Weekly Blender Roundup

3 February 2018 (#4)

Tutorial video of the week:

Gleb Alexandrov often focus on “cheats” as he calls it to achieve maximum visual fidelity in minimum number of steps.

Here the paint splash effects are achieved by force fields and metaballs instead of Fluid simulation.

I won’t call it cheats though, I would call it as genius.

Theory video I like:

If you are going to make animated videos then you should have at least an basic understanding of the film-making process. This video focuses on music part of film-making.

This video is actually an response to another film editor’s critic on why Marvel’s music is forgettable and lack of originality in film music.
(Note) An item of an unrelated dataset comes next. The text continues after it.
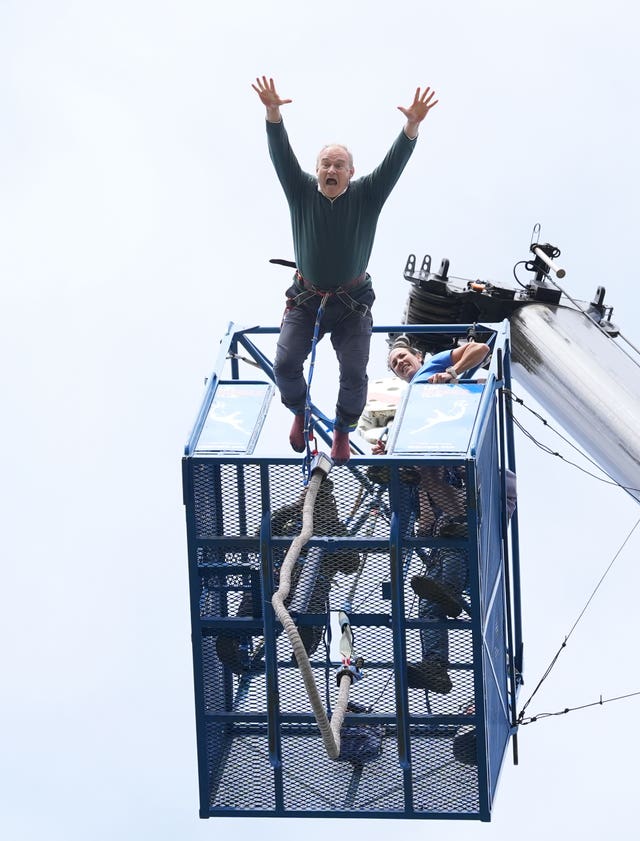 Liberal Democrat leader Sir Ed Davey taking part in a bungee jump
Cool addon to watch out for:

Atom bomb by Remington Graphics

Sometimes things in blender (like nodes or textures) does not get deleted even after reopening the blend file.

Atom bomb force deletes the data. It helps when you have to keep the size of the blend file short. (e.g. Render farm)
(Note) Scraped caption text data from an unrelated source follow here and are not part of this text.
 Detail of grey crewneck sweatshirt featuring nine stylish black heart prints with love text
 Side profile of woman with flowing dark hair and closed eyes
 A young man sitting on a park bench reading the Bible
But above all that, rarely does any addon spent time on promotion. But not this one. I won’t spoil the video, just check it out.

Weekly Book recommendation:

The lean startup by Eric Ries.

The author focuses on speed, testing out variety of products in the shortest amount of time.

Assuming what people want is like gambling. You may not always succeed and the failure may be too big to afford. Rather than spending time and money on what people “may” like. Make small Products and quickly test them in the market. Once you find that there is a demand, you can always update the product to your original vision.

This applies to us blender users too.Don’t assume, try stuff out quickly and see for yourself what people like.

While gaining a fan following for your portfolio or on social media. Try making and publishing something that will take you less time (one post a week/month).  See which artwork people like the most. That artwork should be the basis for all your future pieces.

Weekly Freelancing tip:

When you start out, most likely, you are not going to use contracts and do jobs by keeping trust in the client. This is OK for small jobs.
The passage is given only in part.